Entries provided: Begin
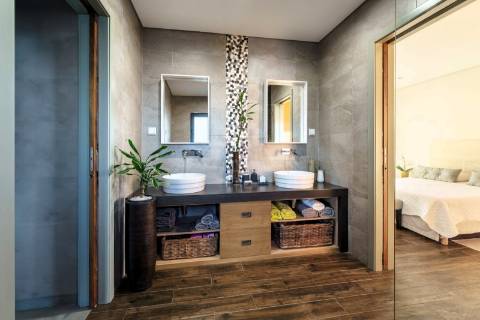 Moradia de autor, no campo junto ao Mar da costa oeste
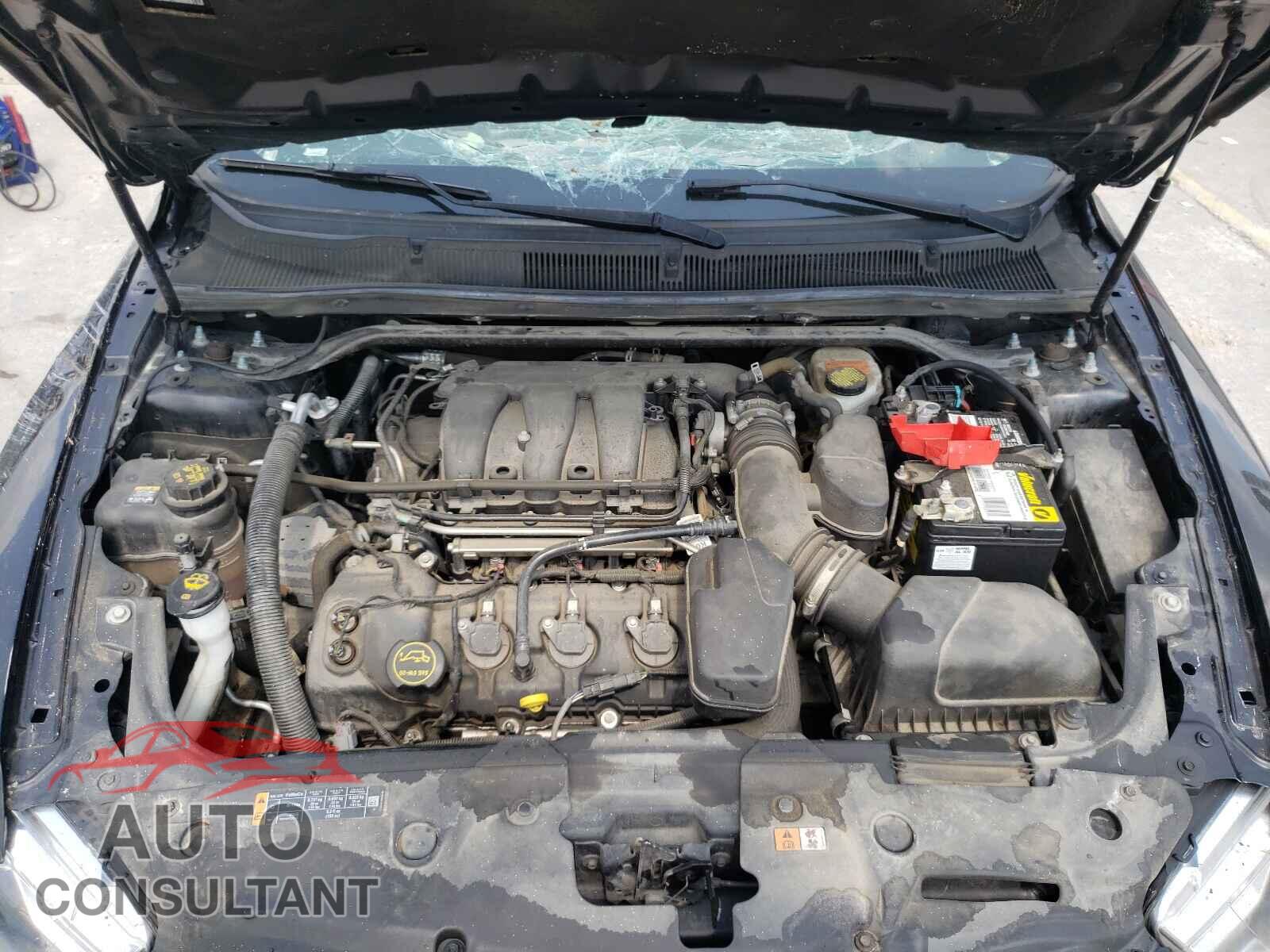FORD TAURUS 2017 - 1FAHP2E81HG127616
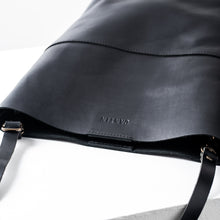 Charger l&#39;image dans la galerie, SAC FOURRE-TOUT EN CUIR NOIR - MICHELINE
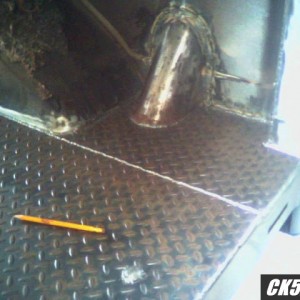 Diamond_plate_bed_floor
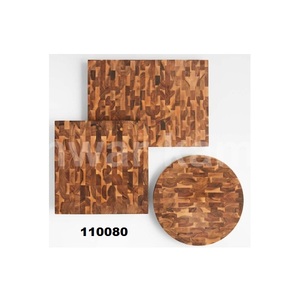 Tabla de cortar Crate & Barrel Acacia End-Grain para pan, fruta, pan y tabla de cortar verduras - Product Image 1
Entries provided: End
#### Task objective:
An exact copy of the listing is needed, minus its pictures.

#### Exercise response:
 Moradia de autor, no campo junto ao Mar da costa oeste
FORD TAURUS 2017 - 1FAHP2E81HG127616
 Charger l&#39;image dans la galerie, SAC FOURRE-TOUT EN CUIR NOIR - MICHELINE
 Diamond_plate_bed_floor
 Tabla de cortar Crate & Barrel Acacia End-Grain para pan, fruta, pan y tabla de cortar verduras - Product Image 1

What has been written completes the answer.